* [Exercise instructions]: Only the lines below starting at the one containing "I NEVER THOUGHT (Explicit)" and ending at the one containing "My Dog Is My" belong in the answer, each copied exactly.

* [Listed entries]:
· · · · · · ·
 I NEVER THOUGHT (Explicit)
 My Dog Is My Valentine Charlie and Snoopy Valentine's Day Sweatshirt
· · · · · · ·
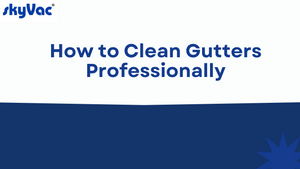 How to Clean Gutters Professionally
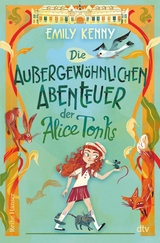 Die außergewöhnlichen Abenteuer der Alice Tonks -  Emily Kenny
· · · · · · ·
* [Written answer]:
 I NEVER THOUGHT (Explicit)
 My Dog Is My Valentine Charlie and Snoopy Valentine's Day Sweatshirt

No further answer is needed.